Soil biological activity, biomass, CO2 evolution and CLPP, are affected by various anthropogenic influences, namely human activity substrate availability and agricultural management22,42,43. As soil systems can be viewed as living systems, the two main measurable components are changes in microbial community biomass and respiration. These reflect changes in soil physico-chemical conditions44, restoration45 and primary production46. Hence, these can be used as soil health indicators. In this sense, other measurements are related to these factors.

A central element of the current study is a solid statistical analysis of collected data. Such an analysis is invaluable to analyse a large and complicated dataset as the present one.

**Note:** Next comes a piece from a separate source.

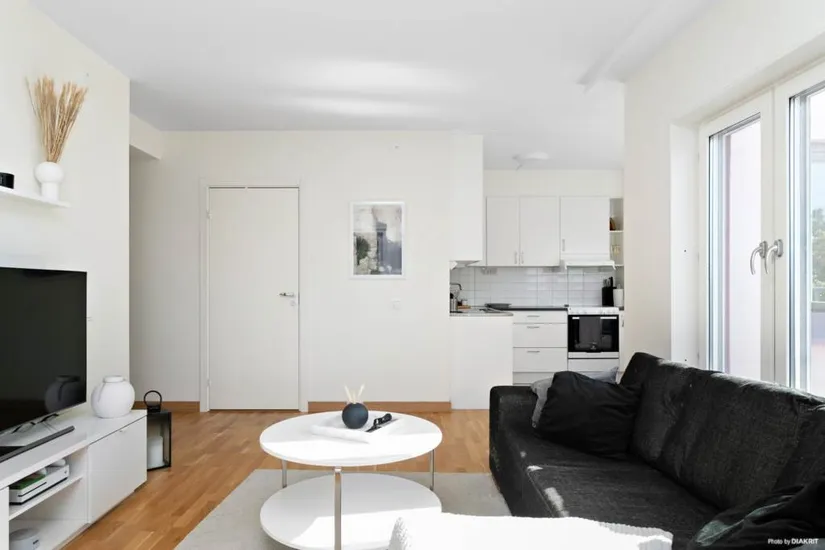 Bostadsrätt, Slipar-Lasses gata 5, Fanna, Enköping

Traditional methods like canonical correlation and regression analysis were the chosen methods. This choice was based upon the nature of the data. For instance, we considered a classification to be less interesting, as the classes Season, Landuse and Climate were already present, and the main interest was in identifying the relations between the variables in those classes.

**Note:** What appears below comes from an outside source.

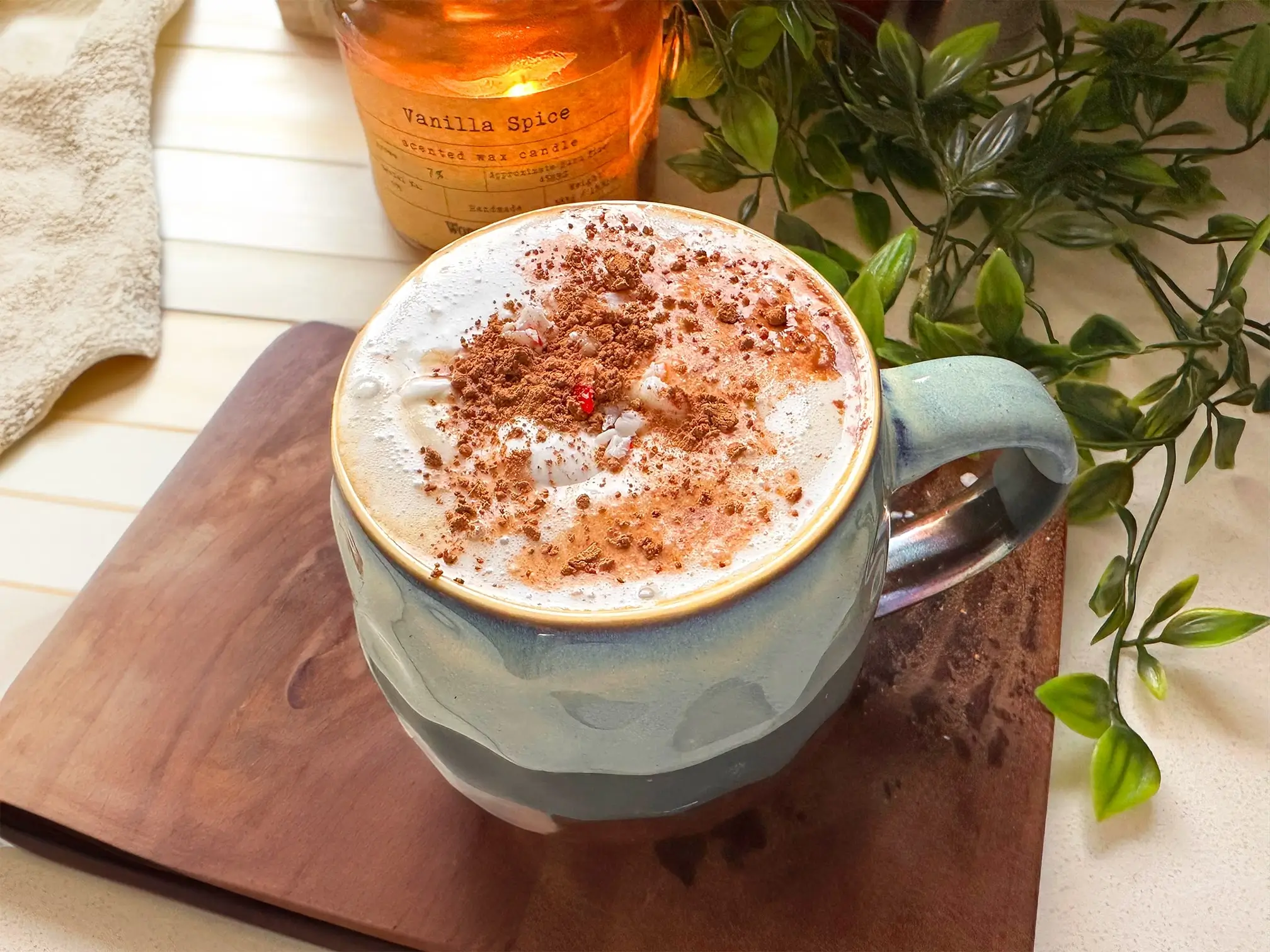 Peppermint Mocha Recipe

Soil moisture was found as one of the main triggers that affects microbial abundance and activity rate19,47,48,49,50,51 as obtained here. The contribution of soil moisture at the sampling time in understanding the soil health status supports our suggestion that the preferred sampling period is the autumn in comparison to spring season. Wardle and Parkinson in their classical study52 elucidated the strong correlation between soil moisture and soil microbial biomass and substrate utilization. Soil moisture, depending upon unpredictable input variable such as rainfall increase spatial variability and dissimilarity between the different agro-ecosystems according to the crop management, increase in spring relation between MB and CLPP. The autumn season in Mediterranean regions brings the abiogenic stimulants—in natural as well in the agro-management fields to similar status at the end of harvesting and before the field preparation for the new seedling—growing season. The autumn measurements of microbiota activity represent the effect of land-use per-se by its variability, rather than the spring season which is strongly affected by a wide range of anthropogenic-multivariate effects. The present study elucidates large differences in microbial biomass, CO2 evolution and substrate utilization among dry and moist seasons, and the importance of choosing the Autumn season for measurements, when moisture content is low and microbial community is limited by soil health properties we are interested in quantifying.

Conclusions

From the results of this study, we conclude that soil moisture drives the different processes and hence serves as a proxy for biological soils' indicators. Both the canonical correlation analysis and the subsequent regression analysis indicate strong relations of Soil Moisture with Community Level Physiological Profile (CLPP) alone in Autumn, and with CLPP, Microbial Biomass (MB), and the Shannon-Weaver index (H') in Spring. Soil moisture significantly affects CLPP in both seasons. As no other variables are selected as explanatory variables, it makes CLPP a sensitive soil biological indicator to in Regions with Mediterranean climate. A further analysis is required to strengthen the explanation, where attention should be given to more variables, more locations or conditions that are further controlled. Because we took into consideration the Autumn season as the soil moisture dry period and compared with the lower stress in Spring period, however, our work shows the concept of soil health to be of prime importance for a better understanding of soil behaviour.